CGroups v2, maybe? Pause requires CGroups which for rootless containers are only available on v2.

mheon commented 4 years ago

Might be a good idea.

mheon commented 4 years ago

@giuseppe We expect pause to work rootless on v2, correct?

giuseppe commented 4 years ago

@giuseppe We expect pause to work rootless on v2, correct?

yes, pause should work on cgroup v2 as rootless as well

sshnaidm commented 4 years ago

As I see in code pause=false is default only with cgroups v1 and it's what causes problems for fedora31. Is that a specific reason for it? https://github.com/containers/libpod/blob/f85b3a01f050e4f8af8471f396013f18647d9241/cmd/podman/cp.go#L496 @giuseppe @mheon ^^

mheon commented 4 years ago

It sounds like we expect pause to work for CGroups v2, so the fact that it's not is probably a bug

sshnaidm commented 4 years ago

@mheon so should we stop to require pause=False on cgroups v2 for rootless containers?

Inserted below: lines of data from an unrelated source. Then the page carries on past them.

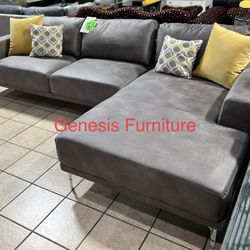 2pc Sofa Chaise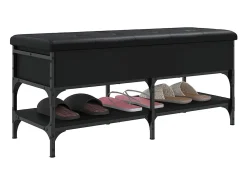vidaxl Banco sapateira 102x42x45 cm derivados de madeira^ Móvel De Arrumação|Sapateira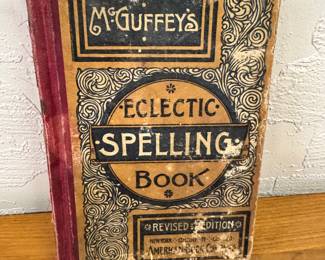 Antique spelling book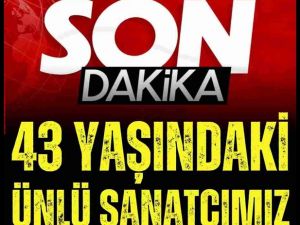 Ünlü Şarkıcımız Hayata Veda Etti..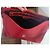 Borsa a tracolla Fendi Sas in pelle intrecciata rossa Rosso - vista 8
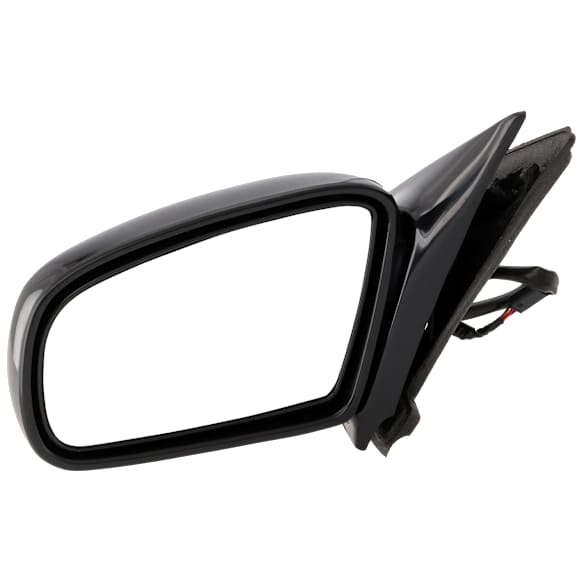 Driver Side Mirror, Power Adjust, Manual Folding, Non-Heated, Paintable, No Signal Light, No Memory, No Puddle Light, No Auto-Dimming, No Blind Spot Feature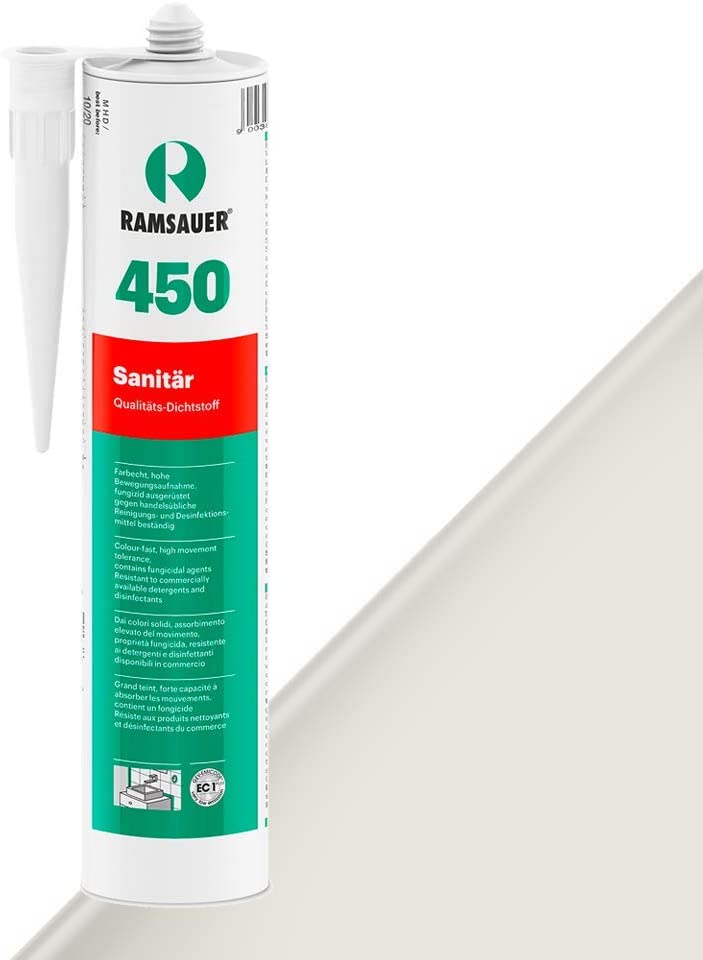 Ramsauer Sanitary 450, 310 ml, sementgrå Ramsauer Sanitary 450, 310 ml, sementgrå
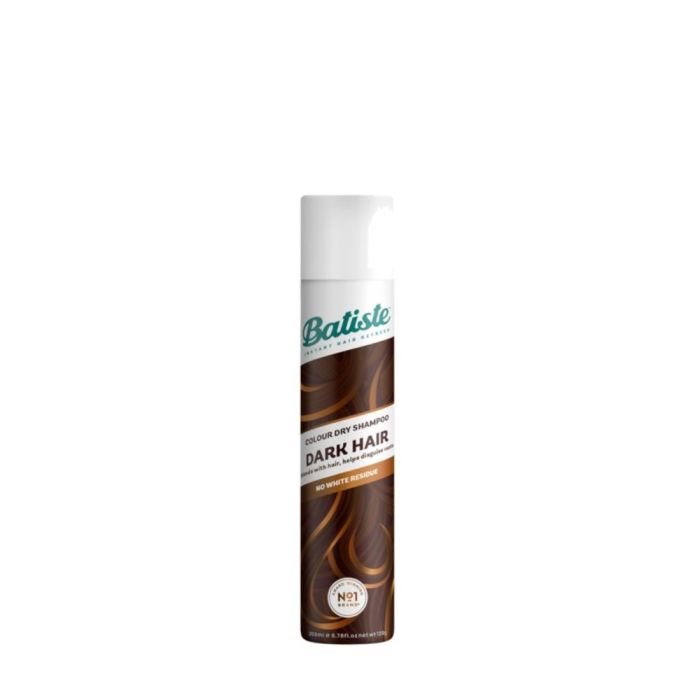 Batiste Colour Dry Shampoo For Dark Hair No White Residue 200ml
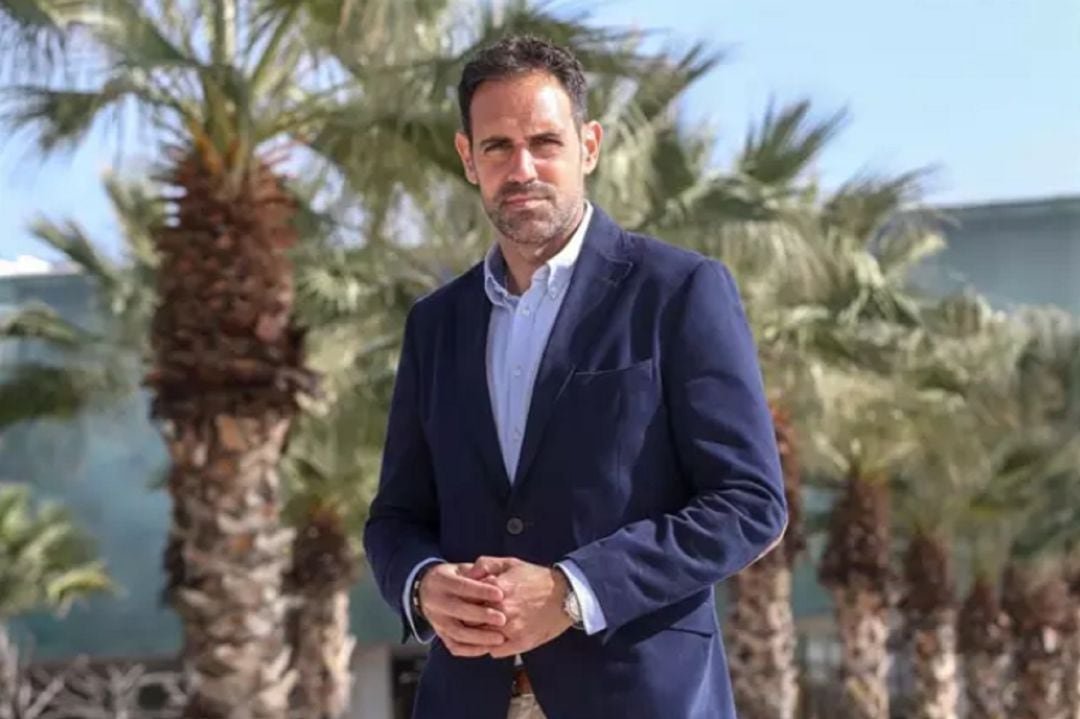 Javier Frutos, presidente de la Federación Andaluza de Empresarios de la Hostelería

If I set now explicitly --pause false in ansible module - will it break some higher/future versions..? Would be better to have it solved in podman maybe.

giuseppe commented 4 years ago

If pause can be performed in rootless depends whether we are using cgroups v2, the systemd manager and the freezer controller is available (it wasn't on older kernels for cgroup v2). The last condition can fail for root as well.

I think we should just drop the check and let the OCI runtime complain if pause cannot be performed.

giuseppe commented 4 years ago

PR here: https://github.com/containers/libpod/pull/4828

sshnaidm commented 4 years ago

@giuseppe thanks! Will it be ported to 1.6.2 or later? Because if I change ansible plugin to use "--pause false" now, it might be broken for later podman? Or I miss something?

giuseppe commented 4 years ago

@giuseppe thanks! Will it be ported to 1.6.2 or later? Because if I change ansible plugin to use "--pause false" now, it might be broken for later podman? Or I miss something?

I don't think this will be back ported as it is not a security problem. @mheon or we could backport it?

mheon commented 4 years ago

Probably not. Anything not long term should move rapidly to 1.7.0, while long term releases are on a critical security or bugfix basis.

On Mon, Jan 13, 2020, 04:05 Giuseppe Scrivano notifications@github.com wrote:

@giuseppe https://github.com/giuseppe thanks! Will it be ported to 1.6.2 or later? Because if I change ansible plugin to use "--pause false" now, it might be broken for later podman? Or I miss something?

I don't think this will be back ported as it is not a security problem. @mheon https://github.com/mheon or we could backport it?

— You are receiving this because you were mentioned. Reply to this email directly, view it on GitHub https://github.com/containers/libpod/issues/4813?email_source=notifications&email_token=AB3AOCFBKRDQG673NL4F5HTQ5QVGFA5CNFSM4KEEZUH2YY3PNVWWK3TUL52HS4DFVREXG43VMVBW63LNMVXHJKTDN5WW2ZLOORPWSZGOEIX66VQ#issuecomment-573566806, or unsubscribe https://github.com/notifications/unsubscribe-auth/AB3AOCG2CTNFD5XFY5FL2YLQ5QVGFANCNFSM4KEEZUHQ .

rhatdan commented 4 years ago

Yes no back porting, unless absolutely necessary.

samdoran commented 4 years ago

I merged the fix for this in Ansible (ansible/ansible#66583) and opened a backport to stable-2.9. It should be in the next 2.9 release.

dschier-wtd commented 4 years ago

with 1.8.0 on fedora, everything is working fine :)

rhatdan commented 4 years ago

Awesome.